On June 7, 1928, Pietro Bonasso made a written application to the New York Life Insurance Company for a policy of insurance in the sum of $10,000, and in said application, in answer to certain questions, made certain statements which the amended bill alleges were false, and by him known at that time to be false. On this application a policy of insurance on the life of the said Bonasso was issued, payable to Kate Bonasso, his wife, in the sum of $10,000, with a double indemnity provision should the death of the insured result from accident, as defined in the policy, and the further provision that upon a showing of presumably permanent disability, before the age of sixty years, there should be paid to the insured the sum of $100 per month, and payment of premiums on the policy waived. This policy was countersigned at Wheeling, West Virginia, on June 29, 1928, by F. E Ambruster, agency director.

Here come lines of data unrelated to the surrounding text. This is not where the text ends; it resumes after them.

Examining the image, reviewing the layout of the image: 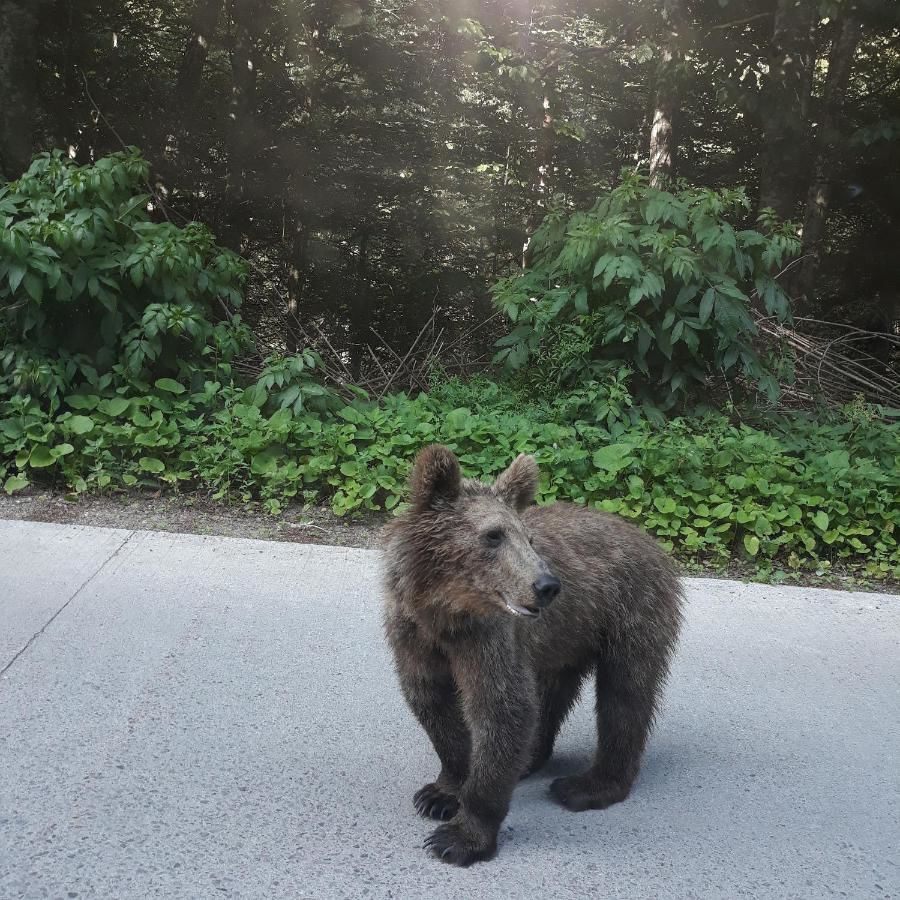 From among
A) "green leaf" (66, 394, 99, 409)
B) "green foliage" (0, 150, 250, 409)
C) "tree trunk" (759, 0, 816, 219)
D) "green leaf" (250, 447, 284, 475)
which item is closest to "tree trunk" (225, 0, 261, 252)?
"green foliage" (0, 150, 250, 409)

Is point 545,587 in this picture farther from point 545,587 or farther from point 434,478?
point 434,478

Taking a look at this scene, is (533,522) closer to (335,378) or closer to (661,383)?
(661,383)

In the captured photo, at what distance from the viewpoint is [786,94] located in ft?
30.1

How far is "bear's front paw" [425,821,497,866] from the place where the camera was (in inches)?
112

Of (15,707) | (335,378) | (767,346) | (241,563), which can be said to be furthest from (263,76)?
(15,707)

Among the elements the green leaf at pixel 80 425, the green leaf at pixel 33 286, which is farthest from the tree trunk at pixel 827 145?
the green leaf at pixel 33 286

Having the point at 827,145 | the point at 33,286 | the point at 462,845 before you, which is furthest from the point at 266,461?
the point at 827,145

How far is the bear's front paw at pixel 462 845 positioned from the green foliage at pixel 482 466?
285cm

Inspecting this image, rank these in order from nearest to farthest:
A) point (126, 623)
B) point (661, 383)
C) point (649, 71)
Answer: point (126, 623), point (661, 383), point (649, 71)

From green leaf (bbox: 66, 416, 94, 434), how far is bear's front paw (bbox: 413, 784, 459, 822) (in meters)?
3.59

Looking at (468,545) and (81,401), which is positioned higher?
(468,545)

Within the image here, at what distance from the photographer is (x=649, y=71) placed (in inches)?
420

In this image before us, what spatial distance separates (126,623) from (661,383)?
13.2 feet

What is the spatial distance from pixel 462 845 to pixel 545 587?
2.86 feet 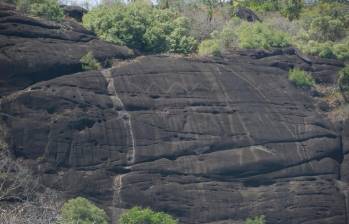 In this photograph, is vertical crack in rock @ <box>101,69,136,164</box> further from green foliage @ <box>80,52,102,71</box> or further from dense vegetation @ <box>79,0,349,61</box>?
dense vegetation @ <box>79,0,349,61</box>

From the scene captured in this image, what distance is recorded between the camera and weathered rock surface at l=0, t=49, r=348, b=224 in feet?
120

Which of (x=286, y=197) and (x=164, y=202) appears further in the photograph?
(x=286, y=197)

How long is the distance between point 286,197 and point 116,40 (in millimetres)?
10367

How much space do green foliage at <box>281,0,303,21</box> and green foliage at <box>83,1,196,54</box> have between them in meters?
13.4

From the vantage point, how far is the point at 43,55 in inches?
1515

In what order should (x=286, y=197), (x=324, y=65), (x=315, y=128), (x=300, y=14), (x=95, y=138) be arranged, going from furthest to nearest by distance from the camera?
(x=300, y=14), (x=324, y=65), (x=315, y=128), (x=286, y=197), (x=95, y=138)

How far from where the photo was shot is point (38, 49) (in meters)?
38.4

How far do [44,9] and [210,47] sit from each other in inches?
299

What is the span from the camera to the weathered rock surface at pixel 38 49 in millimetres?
37781

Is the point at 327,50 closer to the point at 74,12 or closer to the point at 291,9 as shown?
the point at 291,9

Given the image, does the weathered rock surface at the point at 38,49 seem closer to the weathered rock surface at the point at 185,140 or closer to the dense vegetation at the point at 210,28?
the weathered rock surface at the point at 185,140

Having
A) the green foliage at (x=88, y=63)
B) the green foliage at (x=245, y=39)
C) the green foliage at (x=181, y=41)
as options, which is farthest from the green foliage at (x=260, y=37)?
the green foliage at (x=88, y=63)

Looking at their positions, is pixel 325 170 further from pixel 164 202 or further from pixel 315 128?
pixel 164 202

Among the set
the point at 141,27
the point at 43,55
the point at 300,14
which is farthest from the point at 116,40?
the point at 300,14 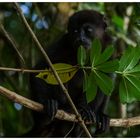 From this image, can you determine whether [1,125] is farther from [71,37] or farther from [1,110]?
[71,37]

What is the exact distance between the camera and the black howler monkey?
412cm

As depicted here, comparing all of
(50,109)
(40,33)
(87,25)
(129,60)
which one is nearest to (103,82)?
(129,60)

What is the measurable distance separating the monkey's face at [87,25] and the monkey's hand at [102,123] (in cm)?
72

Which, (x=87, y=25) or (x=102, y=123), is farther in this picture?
(x=87, y=25)

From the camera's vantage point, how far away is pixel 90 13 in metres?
4.71

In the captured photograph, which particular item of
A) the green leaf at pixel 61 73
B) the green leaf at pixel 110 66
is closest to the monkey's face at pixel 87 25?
the green leaf at pixel 61 73

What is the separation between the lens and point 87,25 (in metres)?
4.65

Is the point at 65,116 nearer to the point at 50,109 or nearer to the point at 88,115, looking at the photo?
the point at 50,109

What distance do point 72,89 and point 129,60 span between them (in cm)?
171

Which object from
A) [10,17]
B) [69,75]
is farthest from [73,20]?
[69,75]

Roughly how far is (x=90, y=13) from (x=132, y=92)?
2078 millimetres

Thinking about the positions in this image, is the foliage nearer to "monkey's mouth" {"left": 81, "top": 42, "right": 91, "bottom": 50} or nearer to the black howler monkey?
the black howler monkey

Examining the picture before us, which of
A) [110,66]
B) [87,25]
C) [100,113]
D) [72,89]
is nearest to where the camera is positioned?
[110,66]

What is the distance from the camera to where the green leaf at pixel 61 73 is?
2.77 m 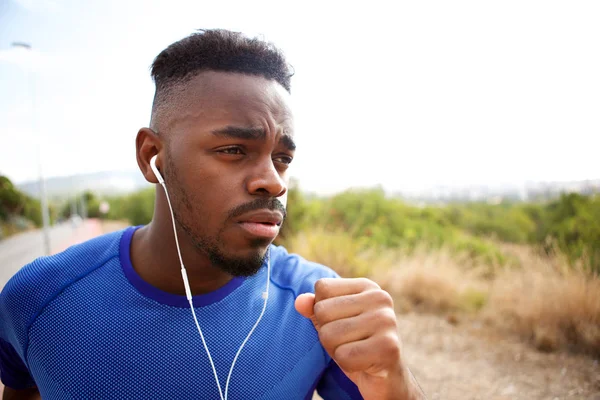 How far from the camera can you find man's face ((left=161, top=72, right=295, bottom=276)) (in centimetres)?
138

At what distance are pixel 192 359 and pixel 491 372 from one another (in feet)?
10.2

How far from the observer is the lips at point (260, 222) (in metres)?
1.38

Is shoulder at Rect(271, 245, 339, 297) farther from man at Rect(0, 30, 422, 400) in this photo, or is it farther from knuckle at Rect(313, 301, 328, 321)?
knuckle at Rect(313, 301, 328, 321)

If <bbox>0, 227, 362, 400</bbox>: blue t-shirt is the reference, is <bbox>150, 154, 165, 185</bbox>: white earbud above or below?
above

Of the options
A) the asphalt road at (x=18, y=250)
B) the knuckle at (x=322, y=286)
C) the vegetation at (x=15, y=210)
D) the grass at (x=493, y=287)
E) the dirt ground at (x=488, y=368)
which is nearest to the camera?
the knuckle at (x=322, y=286)

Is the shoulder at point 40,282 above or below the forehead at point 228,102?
below

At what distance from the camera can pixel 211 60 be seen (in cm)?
158

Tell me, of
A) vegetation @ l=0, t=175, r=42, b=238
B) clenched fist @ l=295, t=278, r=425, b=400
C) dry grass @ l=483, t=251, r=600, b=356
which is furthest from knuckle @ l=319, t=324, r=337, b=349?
dry grass @ l=483, t=251, r=600, b=356

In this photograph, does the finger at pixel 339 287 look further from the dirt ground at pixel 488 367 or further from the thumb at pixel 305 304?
the dirt ground at pixel 488 367

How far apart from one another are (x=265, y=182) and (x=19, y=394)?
1812 millimetres

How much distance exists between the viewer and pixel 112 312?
1.45 metres

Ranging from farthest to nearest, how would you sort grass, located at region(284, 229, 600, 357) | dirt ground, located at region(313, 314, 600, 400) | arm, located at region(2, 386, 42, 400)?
grass, located at region(284, 229, 600, 357) → dirt ground, located at region(313, 314, 600, 400) → arm, located at region(2, 386, 42, 400)

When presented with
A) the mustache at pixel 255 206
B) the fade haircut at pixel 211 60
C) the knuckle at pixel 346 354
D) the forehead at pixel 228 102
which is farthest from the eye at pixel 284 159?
the knuckle at pixel 346 354

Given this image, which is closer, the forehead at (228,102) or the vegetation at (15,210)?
the forehead at (228,102) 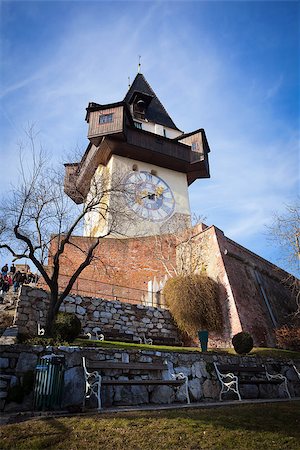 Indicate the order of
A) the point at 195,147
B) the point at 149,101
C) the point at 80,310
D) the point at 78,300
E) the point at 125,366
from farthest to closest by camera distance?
the point at 149,101 → the point at 195,147 → the point at 78,300 → the point at 80,310 → the point at 125,366

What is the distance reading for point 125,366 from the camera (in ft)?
24.7

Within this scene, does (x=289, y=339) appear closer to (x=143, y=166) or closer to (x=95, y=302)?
(x=95, y=302)

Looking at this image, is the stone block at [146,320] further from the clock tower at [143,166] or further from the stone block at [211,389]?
the clock tower at [143,166]

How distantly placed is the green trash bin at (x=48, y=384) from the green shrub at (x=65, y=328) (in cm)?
229

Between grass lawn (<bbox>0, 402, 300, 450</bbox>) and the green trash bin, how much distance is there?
3.12 ft

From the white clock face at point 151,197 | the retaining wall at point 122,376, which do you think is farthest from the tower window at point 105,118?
the retaining wall at point 122,376

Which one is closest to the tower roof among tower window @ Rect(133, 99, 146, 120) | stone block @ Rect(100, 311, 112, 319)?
tower window @ Rect(133, 99, 146, 120)

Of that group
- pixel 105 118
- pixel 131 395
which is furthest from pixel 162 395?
pixel 105 118

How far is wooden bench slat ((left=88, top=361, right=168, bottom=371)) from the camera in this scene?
23.5 ft

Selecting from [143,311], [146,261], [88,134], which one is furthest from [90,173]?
[143,311]

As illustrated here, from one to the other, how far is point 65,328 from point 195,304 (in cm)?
659

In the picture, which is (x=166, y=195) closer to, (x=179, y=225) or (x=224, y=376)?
(x=179, y=225)

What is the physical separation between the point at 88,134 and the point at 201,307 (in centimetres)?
1401

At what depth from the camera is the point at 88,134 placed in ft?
76.3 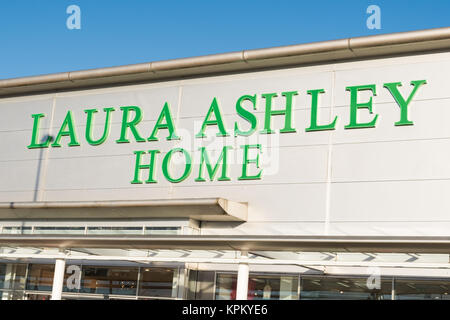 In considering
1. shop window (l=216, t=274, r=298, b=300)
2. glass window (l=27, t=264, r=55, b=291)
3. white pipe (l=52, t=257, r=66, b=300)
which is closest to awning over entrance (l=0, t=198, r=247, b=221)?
glass window (l=27, t=264, r=55, b=291)

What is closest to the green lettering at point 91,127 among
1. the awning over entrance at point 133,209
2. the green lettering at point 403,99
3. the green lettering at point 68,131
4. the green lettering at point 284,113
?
the green lettering at point 68,131

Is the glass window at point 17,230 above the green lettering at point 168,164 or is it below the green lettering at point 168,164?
below

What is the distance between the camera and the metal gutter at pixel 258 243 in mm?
11828

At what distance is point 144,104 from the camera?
64.5 ft

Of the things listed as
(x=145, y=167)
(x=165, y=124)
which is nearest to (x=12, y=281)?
(x=145, y=167)

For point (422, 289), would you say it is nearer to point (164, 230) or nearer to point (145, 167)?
point (164, 230)

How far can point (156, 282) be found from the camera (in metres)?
17.8

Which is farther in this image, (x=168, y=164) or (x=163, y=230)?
(x=168, y=164)

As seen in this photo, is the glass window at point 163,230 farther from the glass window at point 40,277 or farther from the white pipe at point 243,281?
the white pipe at point 243,281

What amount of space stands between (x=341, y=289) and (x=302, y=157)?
349 centimetres

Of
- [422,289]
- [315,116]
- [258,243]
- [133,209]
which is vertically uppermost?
[315,116]

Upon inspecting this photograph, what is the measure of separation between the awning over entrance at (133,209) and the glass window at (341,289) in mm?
2429

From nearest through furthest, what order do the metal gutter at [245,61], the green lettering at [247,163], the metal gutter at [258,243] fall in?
1. the metal gutter at [258,243]
2. the metal gutter at [245,61]
3. the green lettering at [247,163] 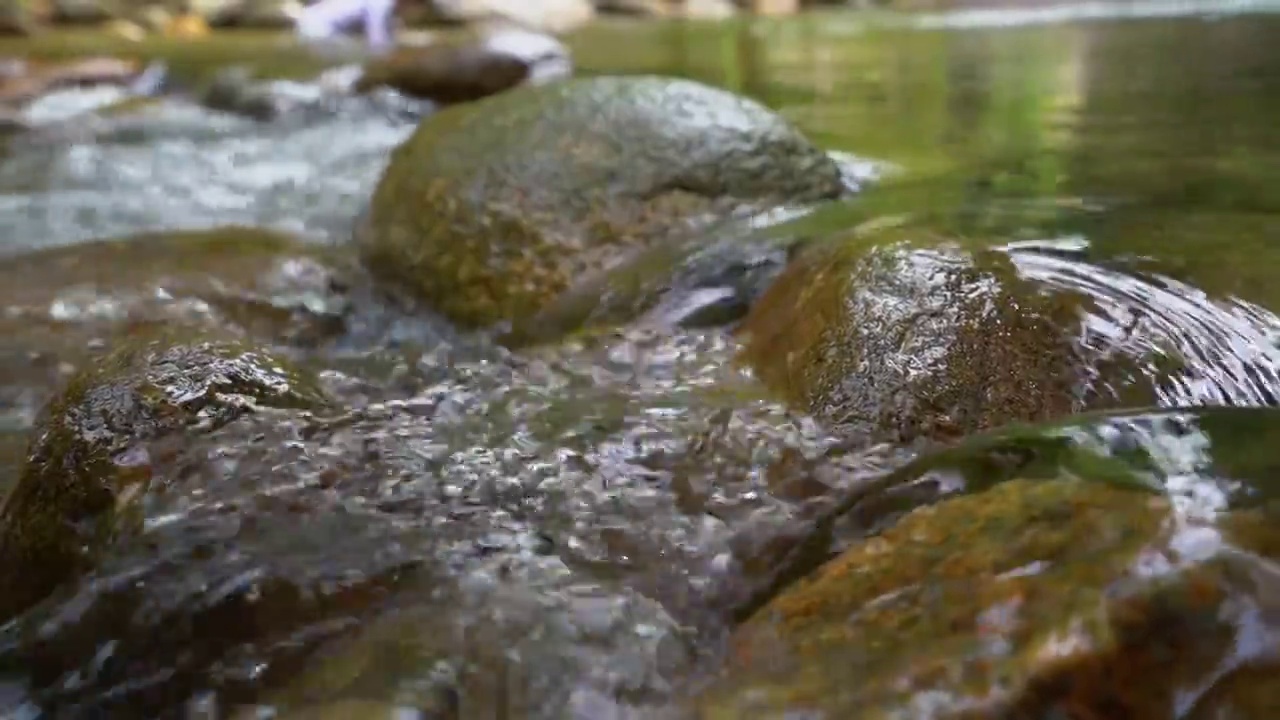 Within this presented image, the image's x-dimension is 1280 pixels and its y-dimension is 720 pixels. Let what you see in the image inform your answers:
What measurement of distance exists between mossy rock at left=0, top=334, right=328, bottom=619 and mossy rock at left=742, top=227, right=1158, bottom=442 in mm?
1102

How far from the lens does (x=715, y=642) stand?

The policy contains this further provision: "This Policy shall be incontestable after two years from its date of issue except for non-payment of premium and except as to provisions and conditions relating to Disability and Double Indemnity Benefits."

The controversy before us is based upon the interpretation and application of this clause and its relation to the policy as a whole.

Accepting the allegations of the amended bill as true, and this upon demurrer we must do, it appears that the application above mentioned, which was made a part of the policy issued thereon, contained the following questions and answers.

"7A. Have you had any accident or injury or undergone any surgical operation?" "No".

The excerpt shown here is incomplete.